Misconceptions about aging and cultural differences in medical decision making and mental capacity assessment may influence older adults’ engagement in both current treatment and ACP discussions, and advance directive (AD) completion. For example, older adults are often ignored and are not involved in their treatment decision-making discussions owing to their aging status. Their inability to make decisions is assumed. 3 Furthermore, some older adults do not feel confident that their expressed wishes will be followed. They assume that their families would eventually overrule their wishes during emergencies. 4 Evidence also showed that granting medical decision-making authority to the primary health care team is a common practice among older adults in Taiwan. 5 Therefore, many older adults rely on strong family and social support and trust that appropriate decisions will be made by their loved ones or medical team. 4 Collectively, these contextual factors contribute to low self-efficacy in medical decision making among older adults, which subsequently results in an unwillingness to engage in ACP and being unprepared to exercise their right to self-determination regarding both current treatment and future end-of-life care choices.
Previous research has reported the relationship between self-efficacy and ACP engagement among older adults,6,7 or how individual characteristics, self-perceived quality of communication with physicians, 7 quality of life, and satisfaction of care influence their self-efficacy for current medical decision-making participation. 8 However, the association between self-efficacy for current medical decision making and readiness of planning future care among these clients receives little attention.

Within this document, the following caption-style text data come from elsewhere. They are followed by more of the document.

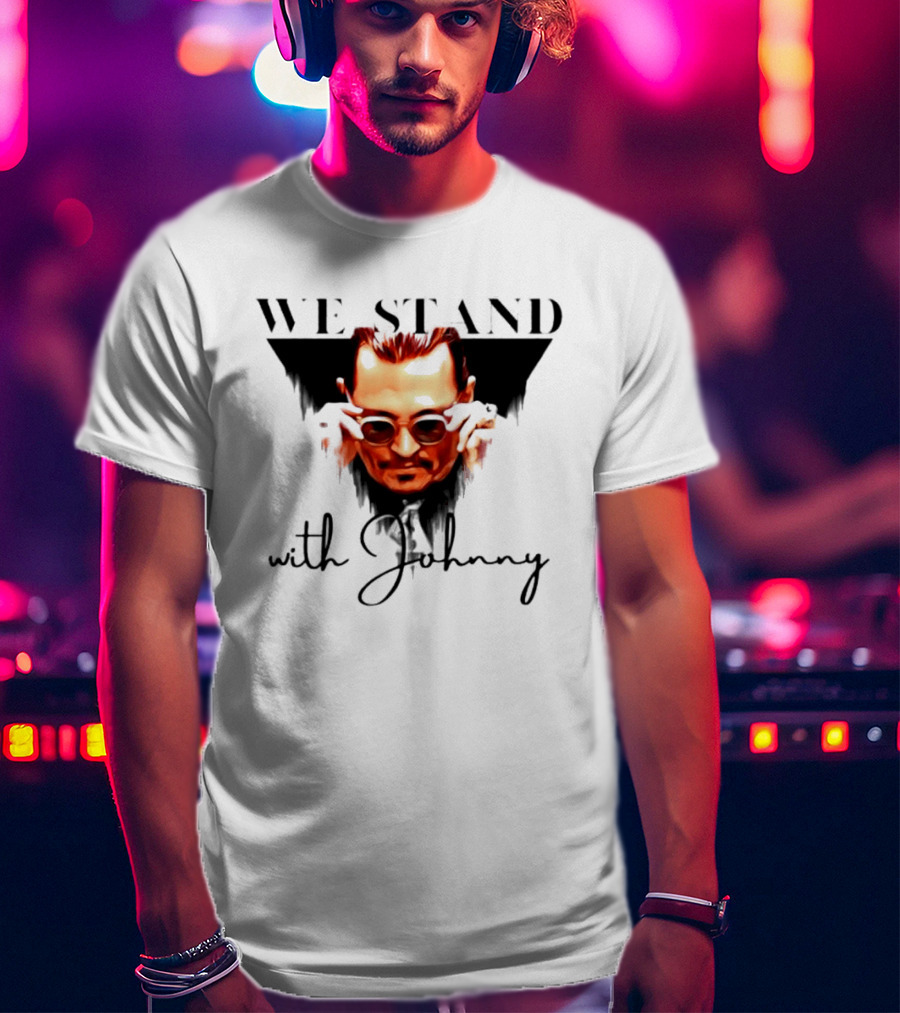 We Stand With Johnny T-Shirt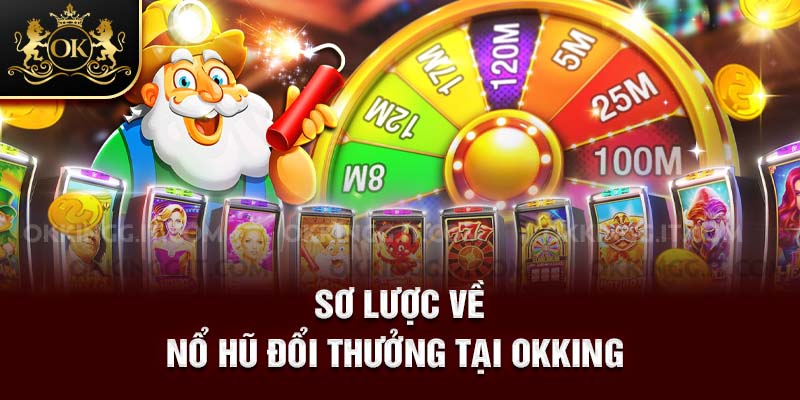Sơ lược về nổ hũ đổi thưởng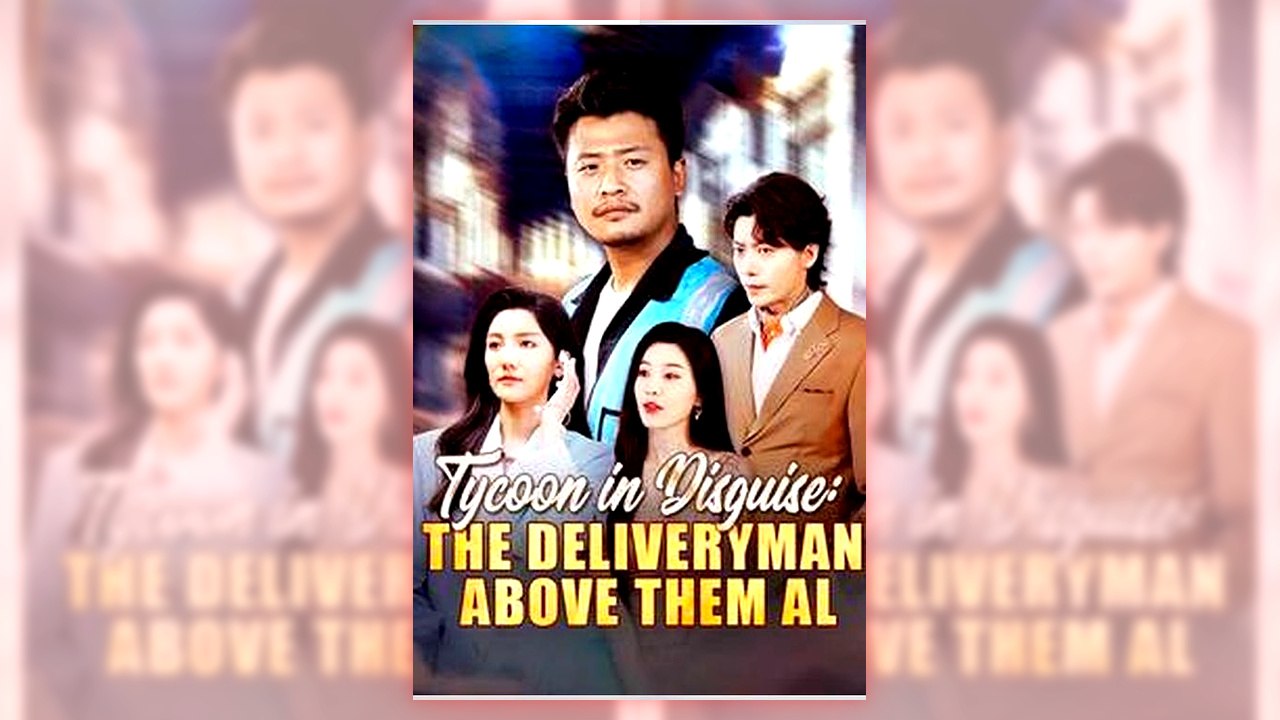 Tycoon in Disguise The Deliveryman Above Them All | Full Version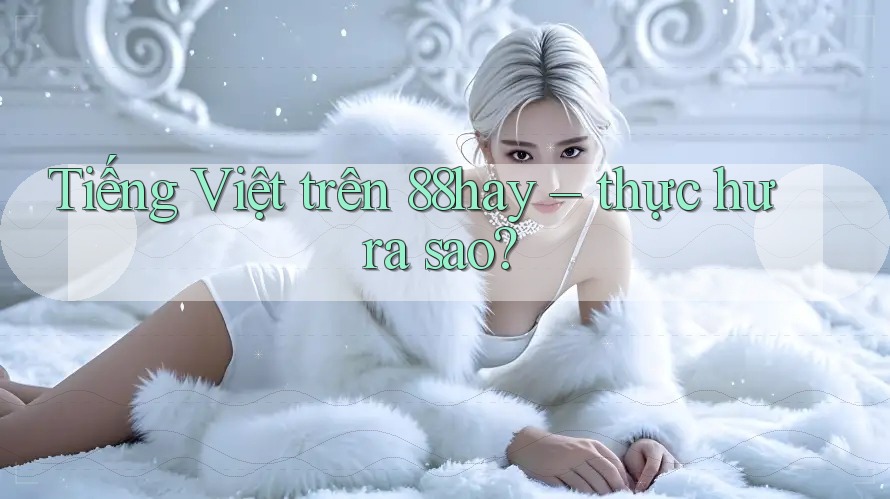 Tiếng Việt trên 88hay – thực hư ra sao?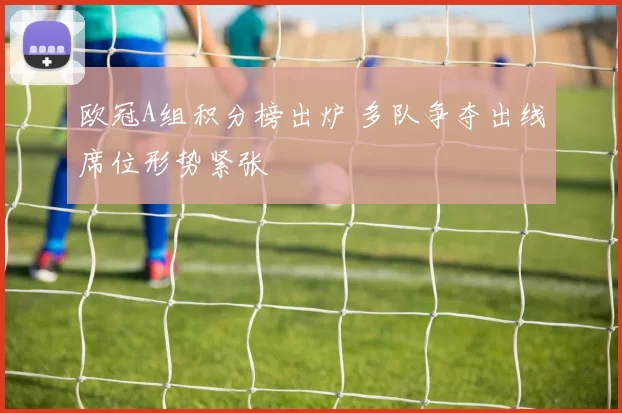欧冠A组积分榜出炉 多队争夺出线席位形势紧张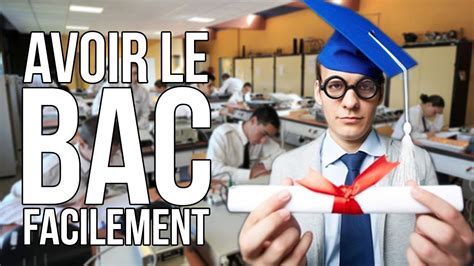 Comment Avoir Le Bac Facilement Youtube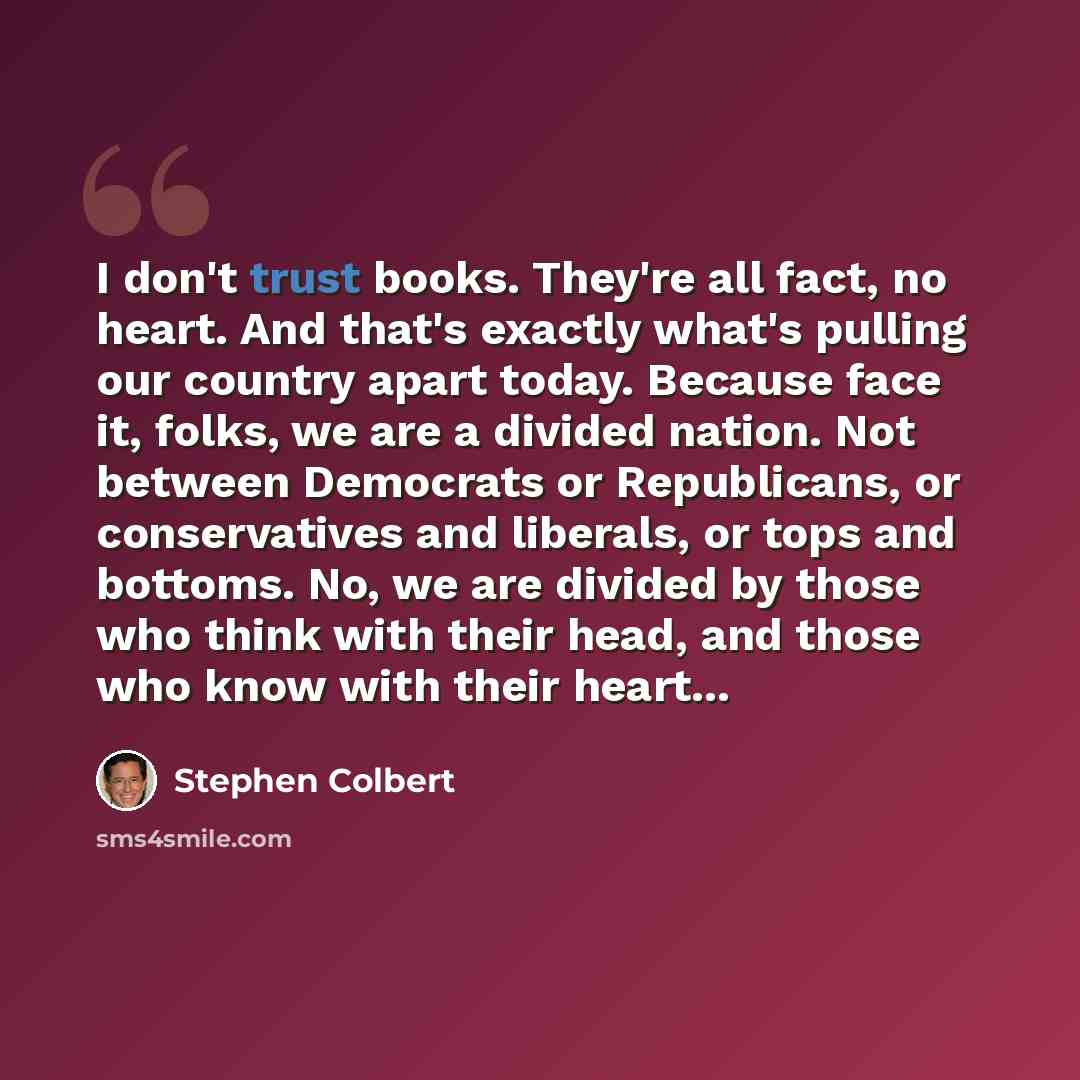 “I don't trust books. They're all fact, no heart. And that's exactly what's pulling our country apart today. Because face it, folks, we are a divided nation. Not between Democrats or Republicans, or conservatives and liberals, or tops and bottoms. No, we are divided by those who think with their…” quote by Stephen Colbert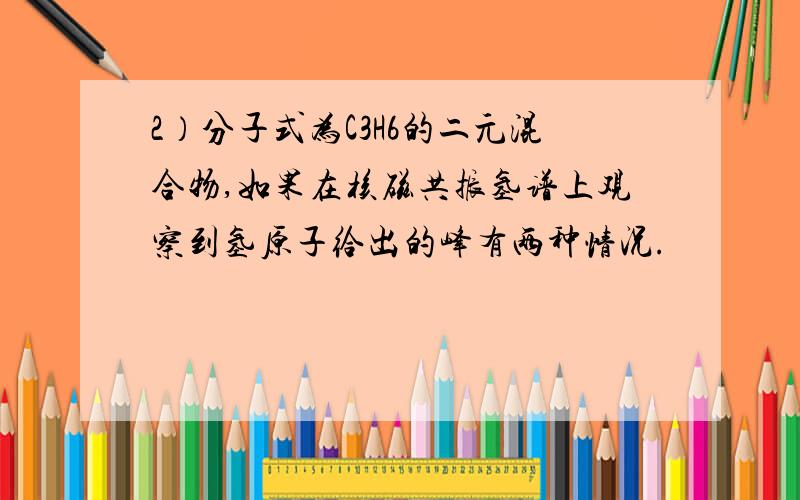 2）分子式为C3H6的二元混合物,如果在核磁共振氢谱上观察到氢原子给出的峰有两种情况.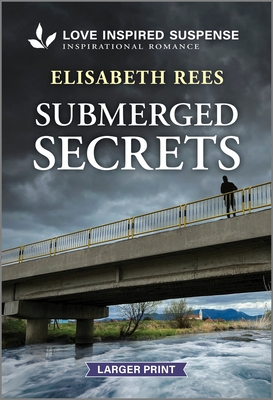 Submerged Secrets - Elisabeth Rees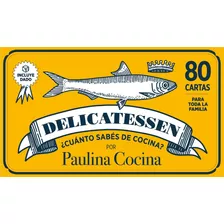 Delicatessen - ¿cuanto Sabes De Cocina? - Paulina Cocina, De Paulina Cocina. Editorial Fera, Tapa N/a En Español, 2023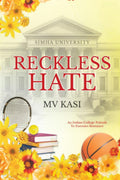 Reckless Hate : An Indian College Romance Simha University #3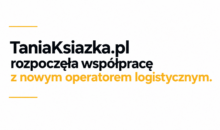 TaniaKsiazka.pl rozpoczęła współpracę z nowym operatorem logistycznym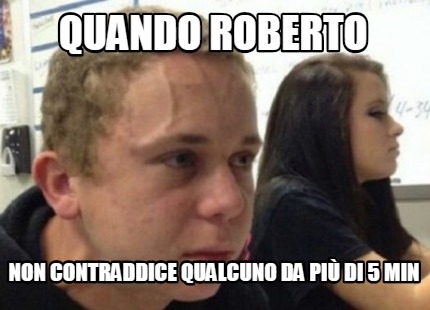 quando-roberto-non-contraddice-qualcuno-da-pi-di-5-min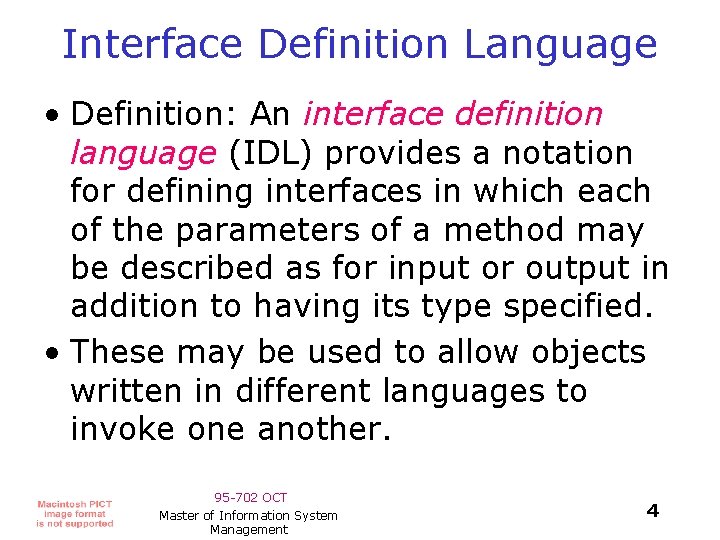 Interface Definition Language • Definition: An interface definition language (IDL) provides a notation for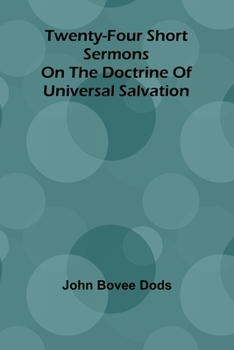 Paperback Twenty-Four Short Sermons On The Doctrine Of Universal Salvation Book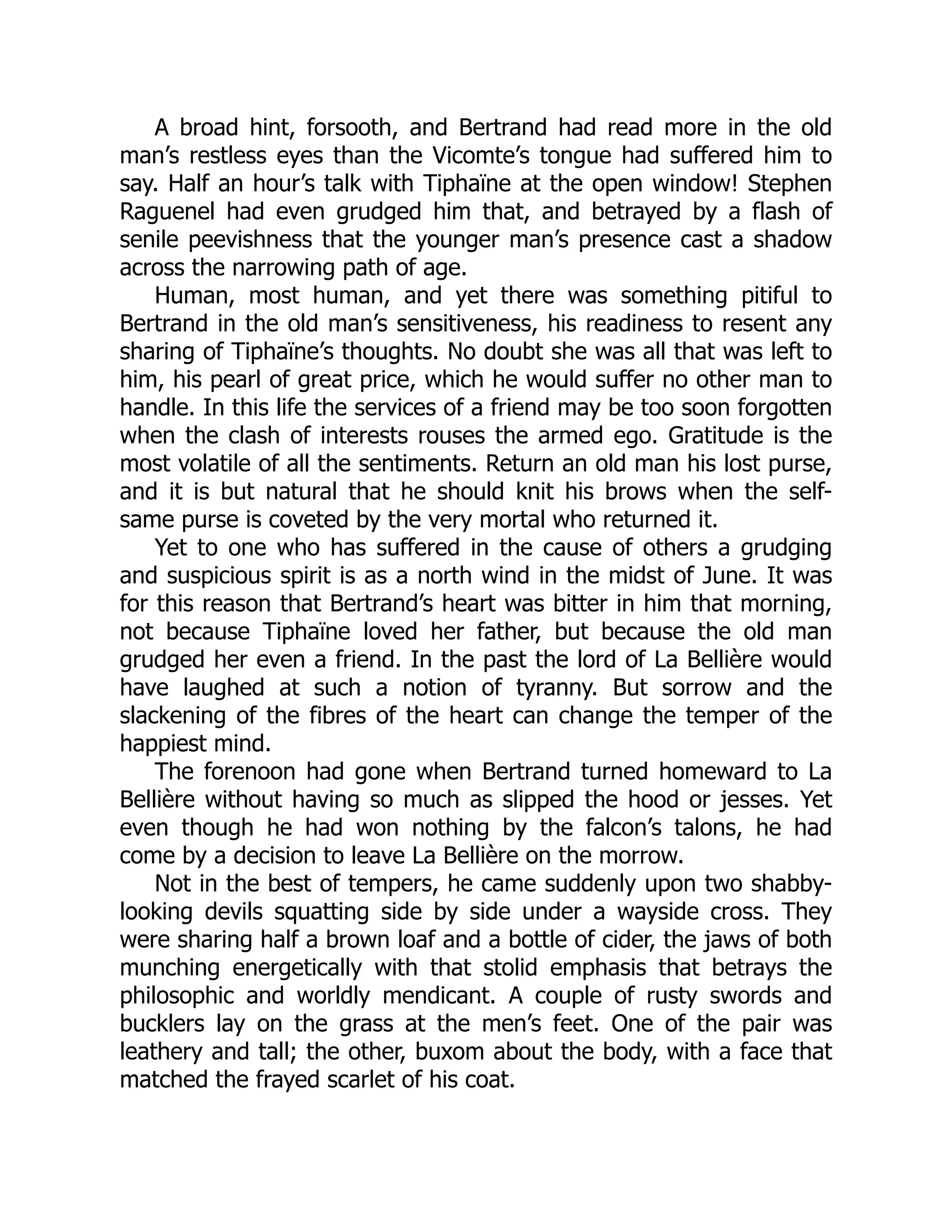 A broad hint, forsooth, and Bertrand had read more in the old
man’s restless eyes than the Vicomte’s tongue had suffered him to
say. Half an hour’s talk with Tiphaïne at the open window! Stephen
Raguenel had even grudged him that, and betrayed by a flash of
senile peevishness that the younger man’s presence cast a shadow
across the narrowing path of age.
Human, most human, and yet there was something pitiful to
Bertrand in the old man’s sensitiveness, his readiness to resent any
sharing of Tiphaïne’s thoughts. No doubt she was all that was left to
him, his pearl of great price, which he would suffer no other man to
handle. In this life the services of a friend may be too soon forgotten
when the clash of interests rouses the armed ego. Gratitude is the
most volatile of all the sentiments. Return an old man his lost purse,
and it is but natural that he should knit his brows when the self-
same purse is coveted by the very mortal who returned it.
Yet to one who has suffered in the cause of others a grudging
and suspicious spirit is as a north wind in the midst of June. It was
for this reason that Bertrand’s heart was bitter in him that morning,
not because Tiphaïne loved her father, but because the old man
grudged her even a friend. In the past the lord of La Bellière would
have laughed at such a notion of tyranny. But sorrow and the
slackening of the fibres of the heart can change the temper of the
happiest mind.
The forenoon had gone when Bertrand turned homeward to La
Bellière without having so much as slipped the hood or jesses. Yet
even though he had won nothing by the falcon’s talons, he had
come by a decision to leave La Bellière on the morrow.
Not in the best of tempers, he came suddenly upon two shabby-
looking devils squatting side by side under a wayside cross. They
were sharing half a brown loaf and a bottle of cider, the jaws of both
munching energetically with that stolid emphasis that betrays the
philosophic and worldly mendicant. A couple of rusty swords and
bucklers lay on the grass at the men’s feet. One of the pair was
leathery and tall; the other, buxom about the body, with a face that
matched the frayed scarlet of his coat.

A hybrid approach to ACP, encompassing both immediate and future medical decision making, has been suggested as a realistic practice for daily application. 9 The integration of person/family-centric communication improves the preparation of all parties for making difficult decisions in the near future, while also maintaining the flexibility to make adaptive and responsive decisions as needed in the current disease situation. 9 Therefore, individuals’ choices regarding current medical decisions would be linked to their preparation for future care. 10
In Taiwan, according to the Patient Right to Autonomy Act enacted in 2019, the ACP standard of process indicates that individuals must be accompanied by at least one close family member to attend ACP consultations, be assessed for their decisional capacity by the medical team, and express their future care preferences by completing documents of ADs.5,11 Homebound older people in Taiwan who have a high proportion of multimorbidity, cognitive impairment, and symptom burdens rarely complete official ACP. However, integrated care cannot be provided if the multidisciplinary medical team is unaware of their thoughts on care, both at the moment and in the future. 12 Segmented care and poor quality of death at home in the community for older adults are detrimental to facilitating continuous and goal-concordant care. 13
Limited evidence is available regarding decision-making self-efficacy and ACP engagement among older adults receiving home-based care and their family caregivers. Therefore, this study aimed to explore current medical decision-making participation self-efficacy, readiness for ACP engagement, and their association among older adults receiving home-based medical care (HBMC) in Taiwan. We hypothesize that older adults with higher self-efficacy in medical decision-making participation are more likely to be better prepared for engaging in ACP.
Methods
Study design
This study was part of a large nationwide prospective cohort project, the HOme-based Longitudinal Investigation of the multidiSciplinary Team Integrated Care (HOLISTIC study). This project aimed to observe the longitudinal changes in health care resource utilization, costs, and caregiving burden among older recipients of HBMC and their caregivers in Taiwan. 14 Baseline data were used to explore the association between self-efficacy in decision making and ACP engagement among the study participants. Ethical approval was granted by the Institutional Review Board (ref: EC1080203, EC1080203-R1). The Strengthening the Reporting of Observational Studies in Epidemiology Statement was used for reporting.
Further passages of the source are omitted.